Ahí están, pues, las dos venerables y magníficas iglesias, dignas de perpetua memoria, que la augusta Helena, madre religiosísima de un religiosísimo emperador, fundó como testimonio de su reverente sentimiento, en honor de Dios su salvador, sobre las dos místicas cuevas, cooperando su hijo con el subsidio de su poder imperial. No tardó la anciana en recoger su merecido fruto: una vez recorrido con felicidad colmada todo el arco de su vida «hasta el umbral mismo de la vejez» , después de haber repartido de palabra y obra las bien floridas simientes de los preceptos redentores, y después, cuando ya había consumado una vida así, en sosiego e indolora, disponiendo todavía de todo el vigor del cuerpo y del alma, halló, por todo esto, un final digno de su piedad, y la recompensa justa, incluso en el mismo decurso de su vida. Porque, efectivamente, al tiempo que recorría todo el Oriente con el boato de la autoridad imperial, mil dones repartió a los habitantes de cada ciudad en su conjunto, o individualmente a todo el que se le acercaba; mil dones distribuyó con liberal mano a los contingentes militares; incontable es cuanto dio a los pobres, desnudos y abandonados, a unos haciendo entrega de cantidades de dinero, a otros proveyendo abundantemente para el abrigo de sus cuerpos; libertó a no pocos oprimidos por los padecimientos de las cárceles y de las minas, rescató a otros sometidos al abuso de la prepotencia, y hubo quien fue traído del destierro. En posesión de una gran nombradía por tales obras, no descuidó por ello la otra piedad, la que se debe a Dios: dejábase ver por todos yendo asiduamente a la iglesia, y ornaba con espléndidos objetos las casas de oración, sin jamás pasar por alto los templos de las ciudades más pequeñas. En suma, podía verse a aquella dama admirable mezclarse con la multitud en grave y severa indumentaria, y hacer patente su fe en Dios mediante cualquier acción piadosa a su alcance. 

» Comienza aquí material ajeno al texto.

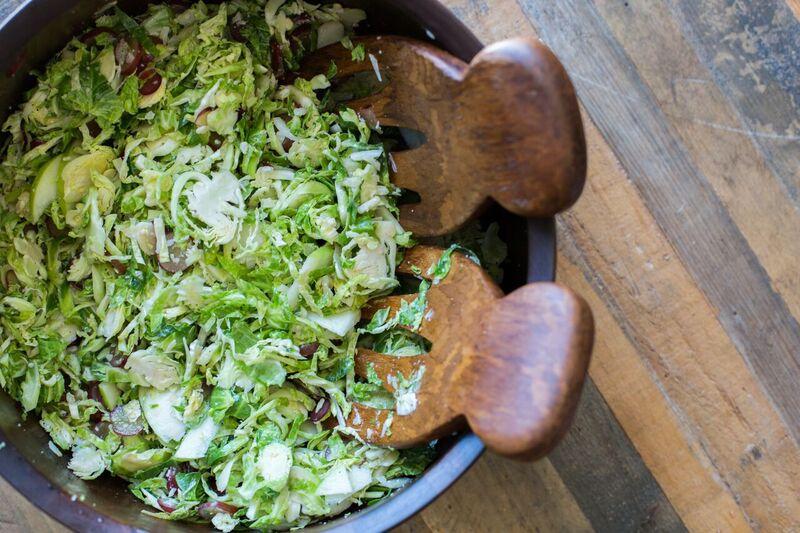 Shaved Brussels Sprout Salad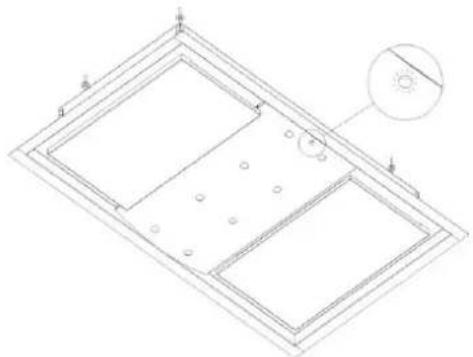 Pando E-391 - HOODS WITHOUT BUTTON PANEL – ACOUSTIC AND VISUAL CONFIRMATION MODUL: - 1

Cuando, tras haber llenado un espacio de vida bastante largo, fue llamada a una mejor suerte, a la edad aproximadamente de ochenta años, estando ya  justo al límite, otorgó su última voluntad declarando por testamento herederos a  su hijo unigénito, único emperador y señor del universo, así como a los césares, hijos de éste y nietos suyos, distribuyendo entre cada uno de ellos las propiedades personales que poseía repartidas por todo el imperio. No bien hubo testado de  esta manera, clausuró el final de su vida, estando presente y a su lado el noble hijo que la asistía y la cogía de las manos; de modo que, si bien se piensa, a uno podía razonablemente parecer que aquella tres veces bienaventurada no murió, antes bien experimentó en toda la acepción del término el cambio y la transmigración de la vida terrenal a la celeste. Pues es lo cierto que los elementos primigenios de su alma veníanse a transformar en la esencia incorruptible y angélica, y era acogida por su Salvador».

Eusebio de Cesarea, Vita Constantini, III. 43-47. Traducción tomada de: Martín Gurruchaga (tr.), Eusebio de Cesarea. Vida de Constantino, Ed. Gredos (Madrid 2010).